EIGHT

6.2K 212 63
                                    

CHAPTER EIGHT
' I BRING YOU A GIFT . '

Ash rubbed her eyes with gritted teeth as the ship floated through the barren place. Dark bags hung from under her eyes, and exhaustion demanded concentration to remain awake. The scar which framed her marbled iris was an angry red, the whites of the damaged eye bloodshot and slightly puffy. She knew she should have rested more. But then, she should have done a lot of things. Her gaze drifted to Thor and Jane as he draped a blanket over her sleeping form.

A sigh escaped her, hands moving to massage her head where the dull ache radiated.

"Where am I?" Ash's high, childish tone echoed throughout the dark room, her eyes wide and round with innocence.

Thanos moved into the room, dwarfing a chair as he lowered onto it. "You are safe, Little One."

Ash shifted, bringing her knees to her chest. "Do you know where my mother is?"

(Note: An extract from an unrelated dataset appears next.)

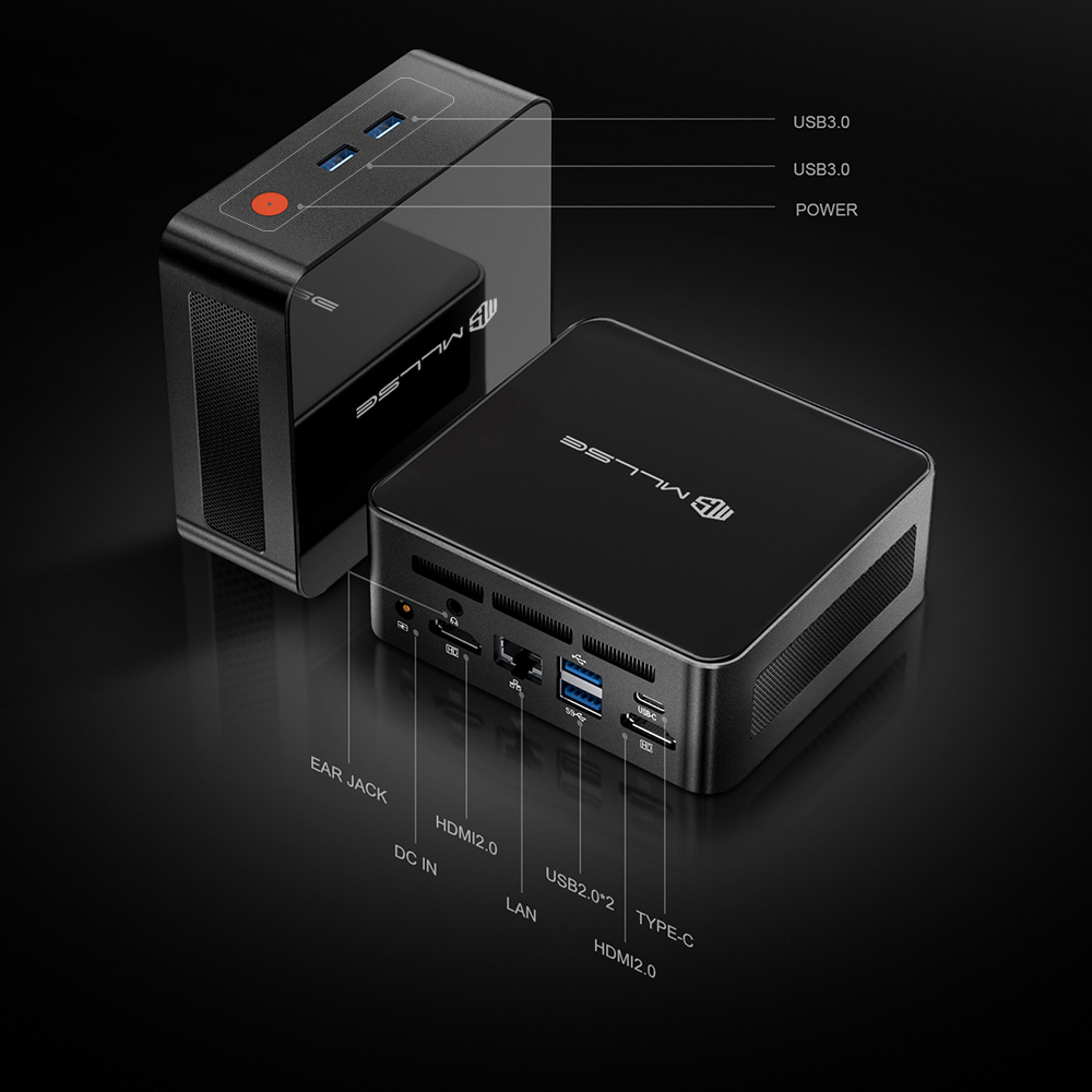 mini pc windows 11 pro, bt5.2 desktop computer work pc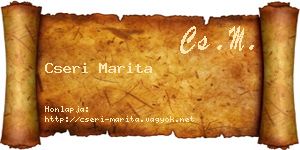 Cseri Marita névjegykártya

He watched her for a moment. "Your mother is dead."

"What is 'dead?'"

"You ask a lot of questions." When Ash didn't reply and continued to stare at him expectantly, Thanos sighed and leaned back on the chair. "It's like an eternal sleep. Death is a natural order of life."

"Will I be dead one day?"

Thanos hesitated. "Yes."

Ash looked away, but she didn't look scared. She pondered his words quietly before she looked back at him. "Will I ever see her again?"

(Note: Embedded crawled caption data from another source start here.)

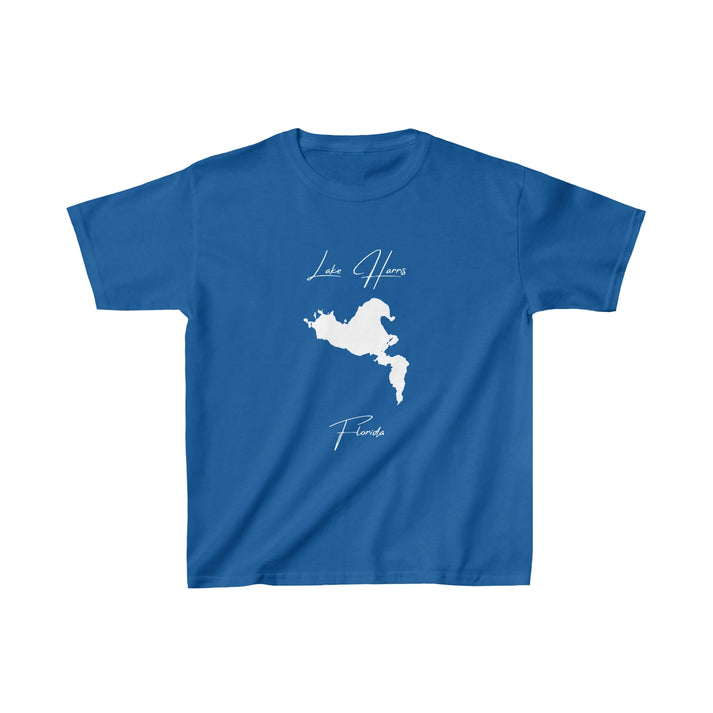 Florida  Lake  Harris  Youth  T-shirt  front  position  view  from  front  royal.webp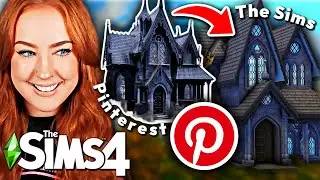 Using Pinterest to Build a Spooky House in The Sims 4 👻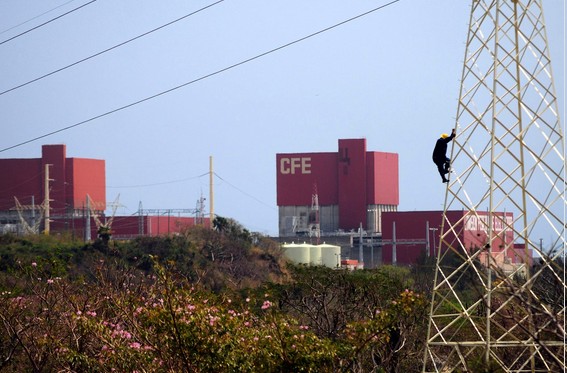 Planta nuclear de Laguna Verde en Veracruz.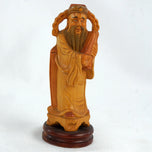 CHINESE EIGHT IMMORTALS CARVED BOXWOOD SET REPUBLIC PERIOD, 1930S, CHINA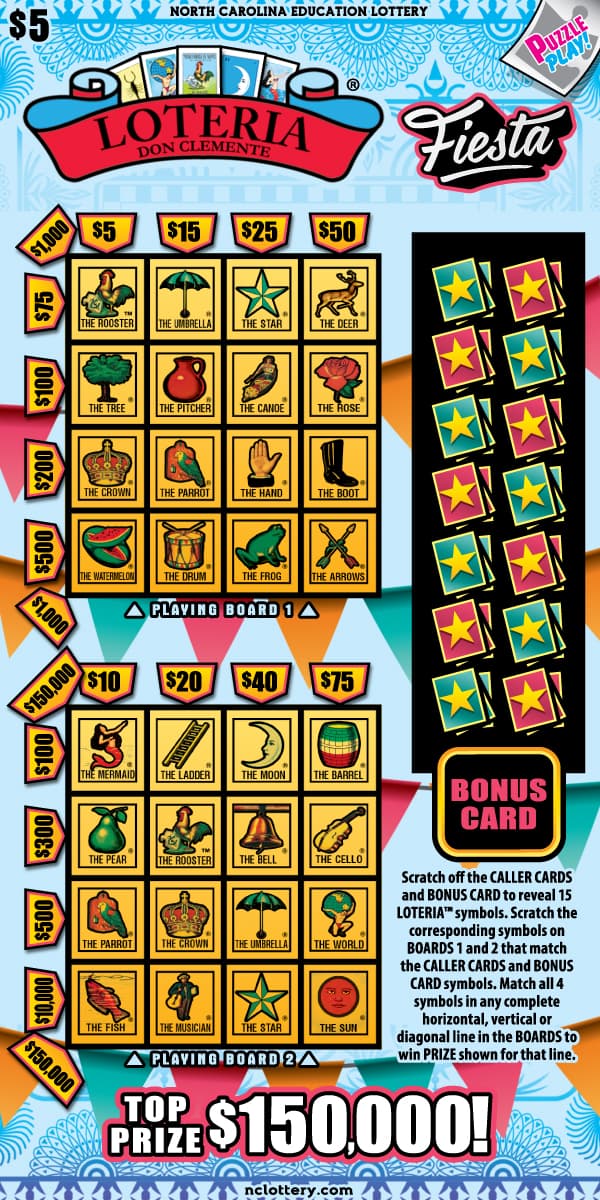 LOTERIAÂ® Fiesta scratch-off ticket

"That depends on what you think happens after death. People have different ideas. Some think that the dead go on to live in another world proportional to the one they lead in life. Others think, no, you will never see them again." Thanos watched her as she mulled over his words, gaze latched onto a wall in thought. He could see the intelligence in her eyes, in her words. She picked up on the tone of the conversation quicker than any of his other children would have; she knew his words were pressing, and she treated it as such.

She was smart, but she was naïve. Thanos could work with that.

Ash inhaled sharply through her nose, lifting her head from her palms and letting her eyes adjust to the brightness.

Loki's stare flickered over to Jane. "What I could do with the power that flows through those veins." His voice broke the silence, but Ash expected it.

"Your brain would shrivel as it consumed you." She didn't look in his direction at first, but her eyes flickered to him after silence fell for a moment.

"She's holding up alright," Loki replied before his eyes moved to Thor, a look in them which told her he was looking for a rise. "For now."

"She's strong in ways you'd never even know." Thor shot back, voice showing his exhaustion.

"Say goodbye."

"Not this day."

"This day, the next, a hundred years, it's nothing." Loki watched his bother with a cruel thrill. "It's a heartbeat. You'll never be ready. The only woman whose love you've prized will be snatched from you."

Ash looked away.

Blood on her hands. Blood on the floor. His face. His eyes.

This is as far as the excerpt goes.